“Ellen Ketterson is one of the world’s leading experts in animal behavior,” said Greg Demas, chair of the Department of Biology. “Groundbreaking studies from her laboratory have transformed our understanding of both the evolutionary and mechanistic bases of behavior.”
During early studies, Ketterson focused on differential migration. Differential migration is a pattern of movement in which females migrate farther than males. The hypotheses she formed from her research to explain the pattern became the basis for decades of research by others.
In subsequent years, Ketterson coined the term "phenotypic engineering" for her experimental approach to the evolution of life histories through which she had manipulated levels of the hormone testosterone in free-living animals and compared the animals' behavior, physiology, and fitness to controls.
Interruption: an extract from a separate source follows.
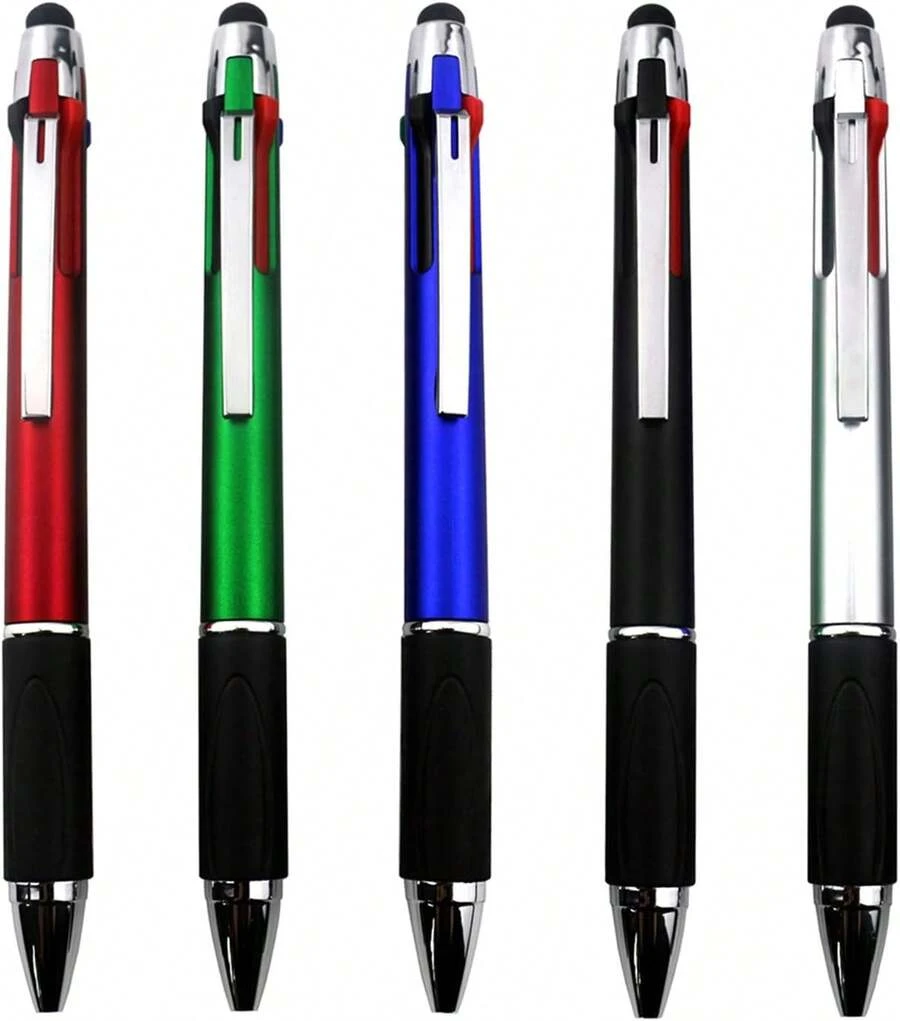 MiSiBao 4-Color Ballpoint Pen Multi Colored Pens In One Medium Point (1.0mm) Touch Screen Stylus, 5-Count - 四色觸控筆 - 查看 1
Ketterson found that males with experimentally elevated testosterone exhibited greater mating success than controls; however, the success came with the cost of greater mortality. Her research provided a mechanistic understanding of the fitness consequences of altering how animals allocate time and energy to competing demands. Further research addressed variation in testosterone-activated gene expression in target tissues in relation to phenotypic plasticity and rapid evolution, with the ongoing goal of understanding how natural selection acts on mechanisms to give rise to adaptation.
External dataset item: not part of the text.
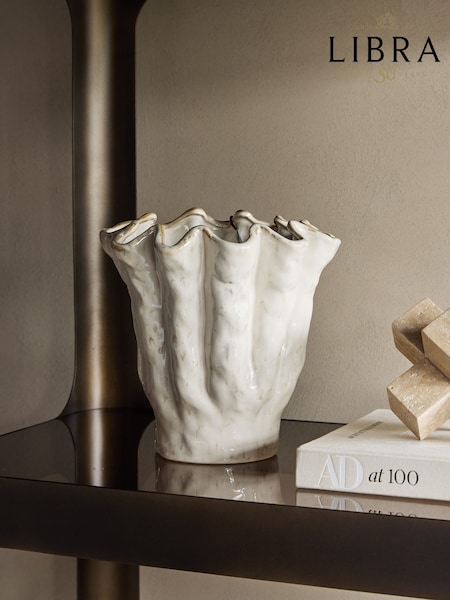 Libra Interiors Cream Medium Coralie Glazed Vase (Y39181) | £110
More recently, Ketterson has turned her attention back to animal migrations as well as addressing limits to adaptive capacity and the role of seasonal timing in the generation and loss of biodiversity. In discussing her current research, Ketterson noted that she is committed to research that will help prepare us to be resilient in the face of oncoming environmental change—a goal that correlates with her position as director of the new Environmental Resilience Institute and its team of researchers. The ERI, awarded $55 million through the IU Grand Challenges initiative, works in partnership with government, nonprofit organizations, and businesses in preparing for effects of changing climate on Hoosier ecosystems, health, and economy.
Ketterson was honored to receive this prestigious award but was quick to point out that "awards for careers don’t happen unless lots of people contribute.”
Ketterson is a Fellow of the American Academy of Arts and Sciences and the American Association for the Advancement of Science.